**Aim of the exercise**: Only the stretch below from the line holding "Meal Prep Glass" through the line holding "Hound Male Dog" should be restated, word for word and with both ends included; pictures stay out.

**Data under study**:
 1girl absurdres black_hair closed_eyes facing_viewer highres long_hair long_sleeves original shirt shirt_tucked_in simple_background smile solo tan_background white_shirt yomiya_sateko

--

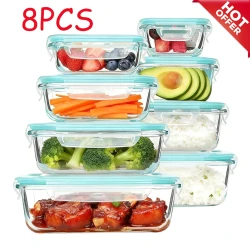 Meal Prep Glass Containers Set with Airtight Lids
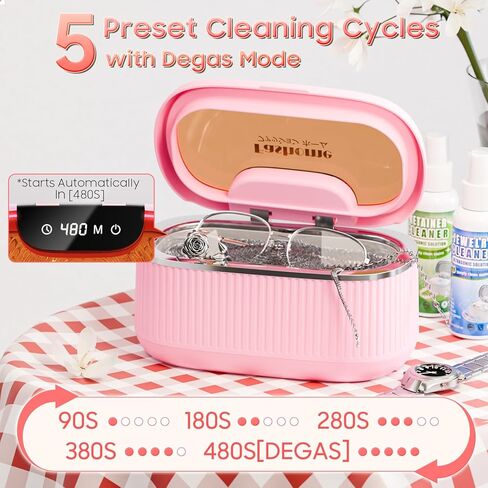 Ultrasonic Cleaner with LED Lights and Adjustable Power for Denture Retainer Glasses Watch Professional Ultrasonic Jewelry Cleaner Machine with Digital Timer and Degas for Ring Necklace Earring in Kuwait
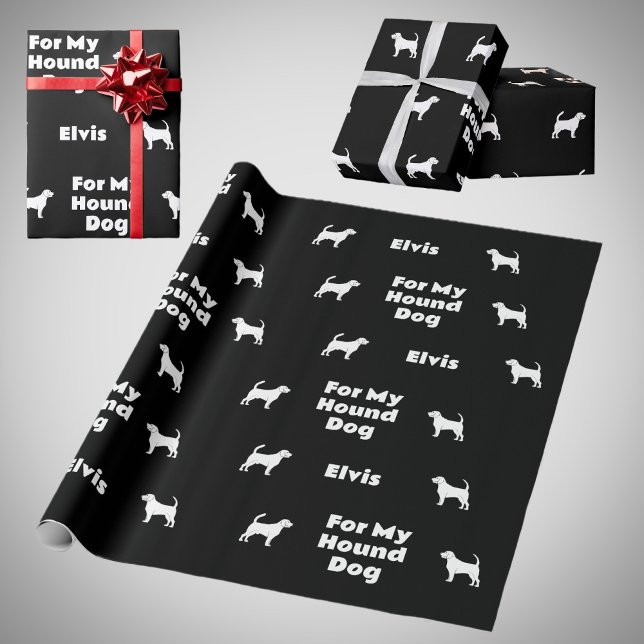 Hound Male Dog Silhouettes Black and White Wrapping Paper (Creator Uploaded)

**Task output**:
 Meal Prep Glass Containers Set with Airtight Lids
 Ultrasonic Cleaner with LED Lights and Adjustable Power for Denture Retainer Glasses Watch Professional Ultrasonic Jewelry Cleaner Machine with Digital Timer and Degas for Ring Necklace Earring in Kuwait
 Hound Male Dog Silhouettes Black and White Wrapping Paper (Creator Uploaded)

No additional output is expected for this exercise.